AEG is owned by Denver billionaire Philip Anschutz, and its ownership interests include the Los Angeles Kings, the defending Stanley Cup champions; the Los Angeles Galaxy, the two-time defending MLS Cup champions; and a portion of the Los Angeles Lakers. AEG also owns and operates Staples Center, which is home to the Kings, Lakers, Los Angeles Clippers and Los Angeles Sparks, as well as the Home Depot Center, which is home to the Galaxy and Chivas USA of Major League Soccer.
Tim Leiweke, who has served as president and CEO of AEG since 1996, will leave the company by mutual agreement.
Anschutz, as chairman of AEG, will resume a more active role in the company, with a particular focus on AEG's worldwide strategy and operations. Dan Beckerman will assume the position of president and CEO of AEG. Beckerman joined AEG more than 15 years ago and previously served as the chief financial officer and chief operating officer. Ted Fikre, who joined AEG in 1997, will become vice chairman of the company and continue as AEG's chief legal and development officer, as well as assume responsibility for AEG's governmental and media relations.
"We appreciate the role Tim has played in the development of AEG, and thank him for the many contributions he has made to the company," Anschutz said in a statement. "We wish him well in his new endeavors."
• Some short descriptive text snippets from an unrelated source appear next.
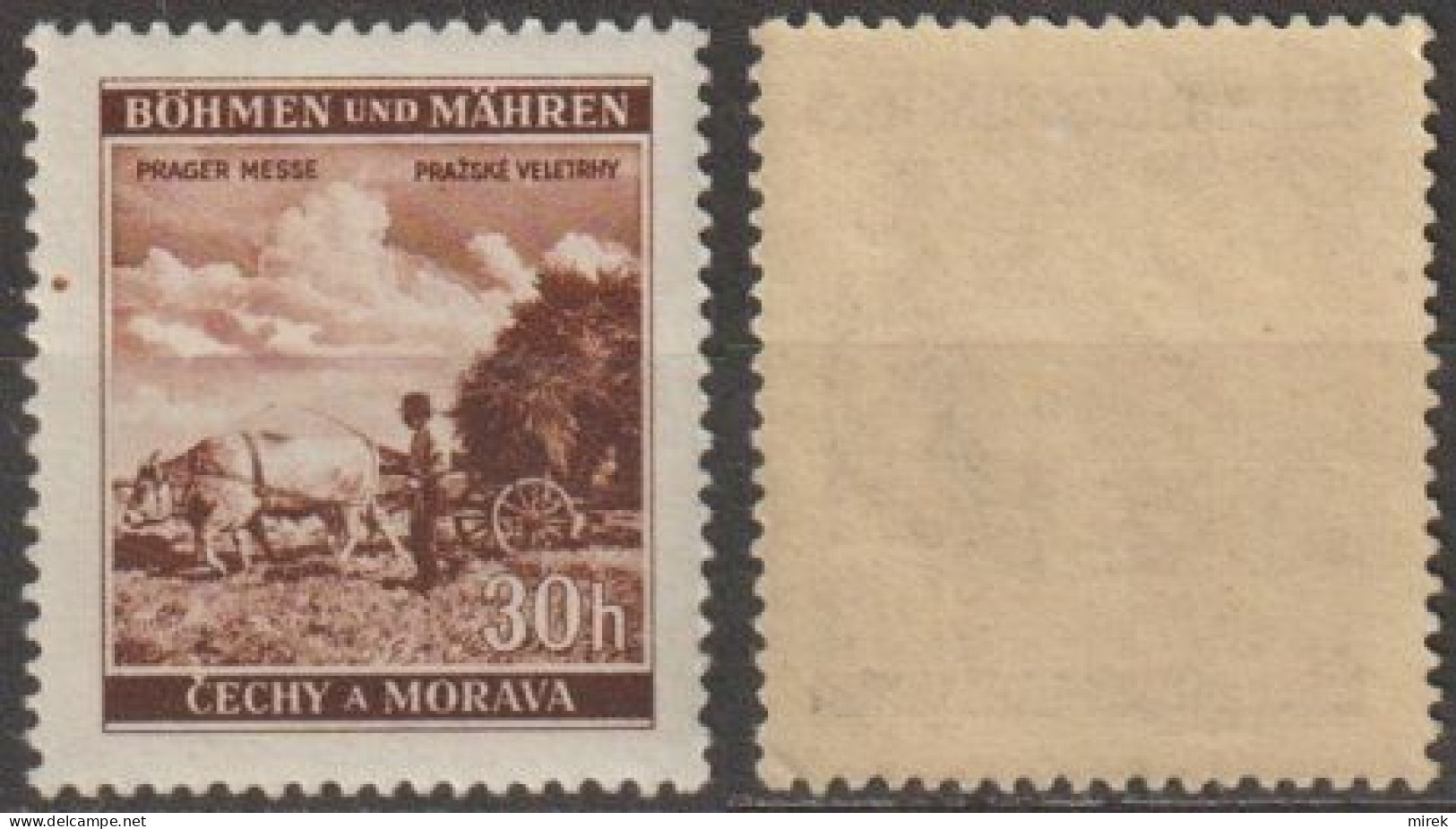 28/ Pof. 64, Yellow Gum - Unused Stamps
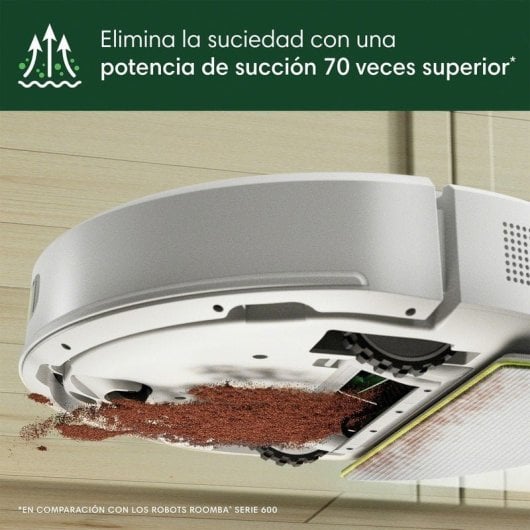 iRobot Roomba 105 Combo Robot Aspirador y Friegasuelos 7000Pa Blanco + Pack de 3 rodillos de limpieza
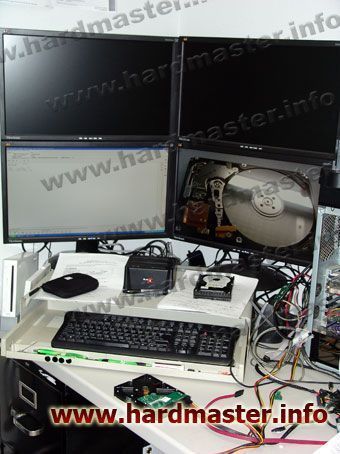 Рабочие места лаборатории по восстановлению данных Рабочие места лаборатории по восстановлению данных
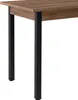 Esstisch 'Den Haag' 120x60 cm Stahl Walnussoptik Produktbild-Vorschau 5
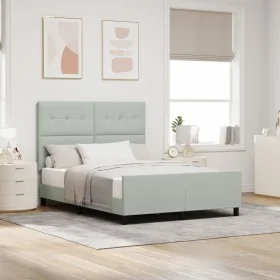 Estructura de Cama Gris Claro 140x200 cm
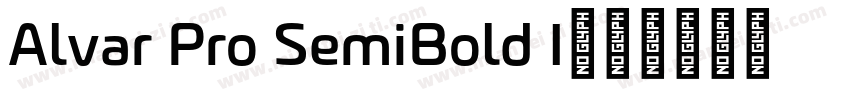 Alvar Pro SemiBold I字体转换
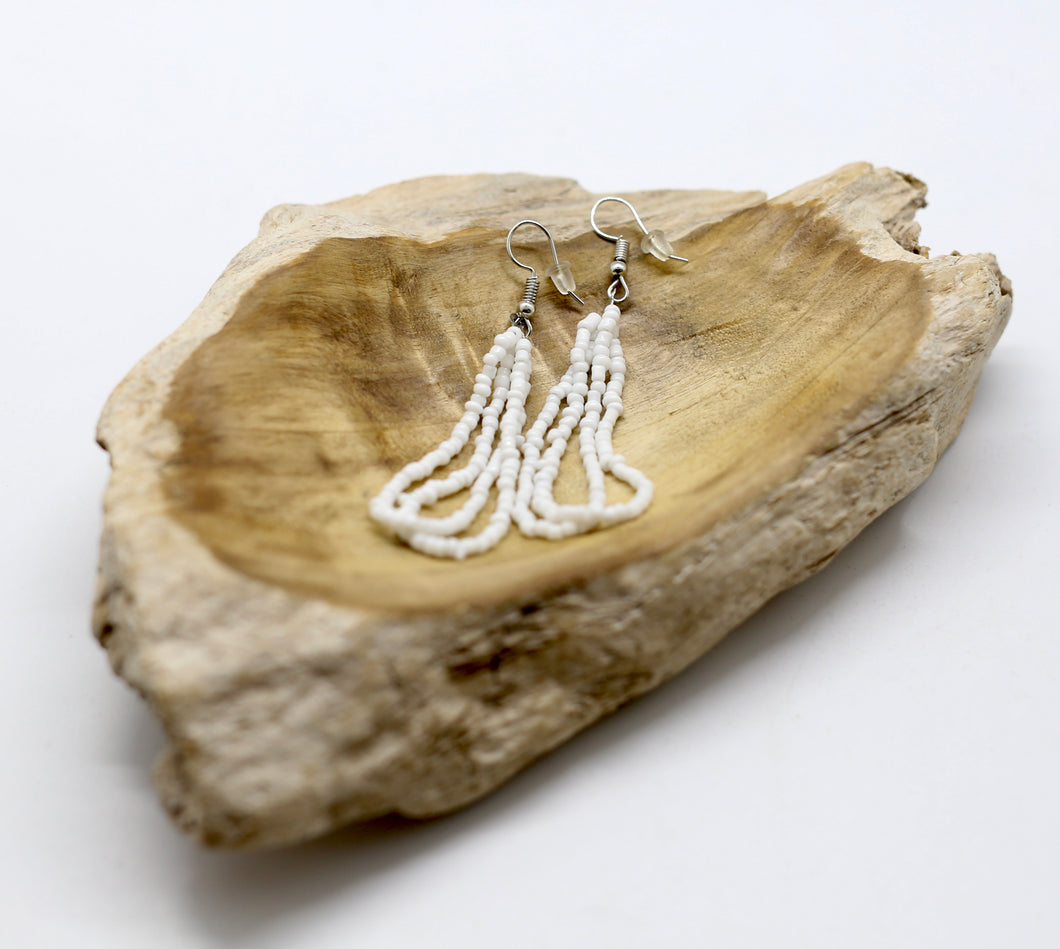 Seed Bead Dangle Earrings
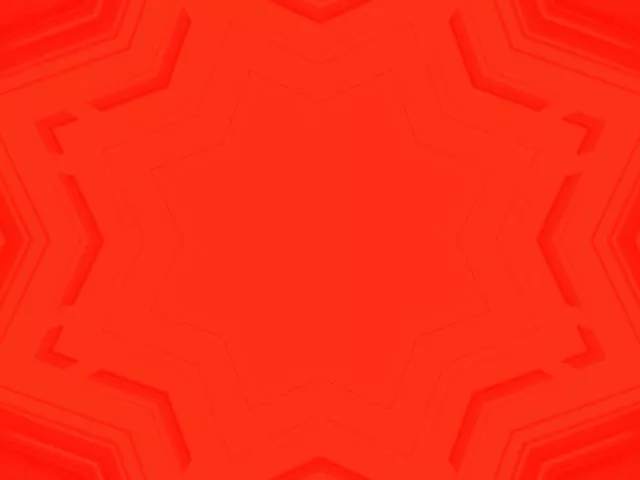 Neon Tünel Kırmızı Yıldız Girdap Ekran Koruyucu 4:3 Klasik 60fps VJ Loop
AEG was put up for sale in September, and it appeared as though the company was close to being sold as the number of bidding parties narrowed. Colony Capital LLC was believed to be the front-runner in the auction after Guggenheim Partners LLC, which owns and operates the Dodgers, dropped out and Los Angeles billionaire Patrick Soon-Shiong seemed unwilling to offer the $8 billion asking price. According to multiple sources familiar with the sale, all parties were bidding below AEG's asking price.
"From the very beginning of the sales process, we have made it clear to our employees and partners throughout the world that unless the right buyer came forward with a transaction on acceptable terms we would not sell the company," Anschutz said in a statement. "From the very first days of AEG, my vision has been to tie together world-class real estate development structured around entertainment venues with premium sports and live entertainment content."
AEG also was behind Farmers Field, a proposed $1.8 billion football stadium in downtown Los Angeles adjacent to the Staples Center, which is cleared for construction contingent upon the company attracting an NFL team to Los Angeles. While the project was driven by Leiweke, Beckerman and Fikre played vital roles since its inception and will continue to push it with the backing of Anschutz.
The normally media-shy Anschutz, through a representative, declined multiple interview requests from ESPNLosAngeles.com, but he told the Los Angeles Daily News in an interview Thursday that the NFL needed to declare its intentions regarding the Los Angeles market.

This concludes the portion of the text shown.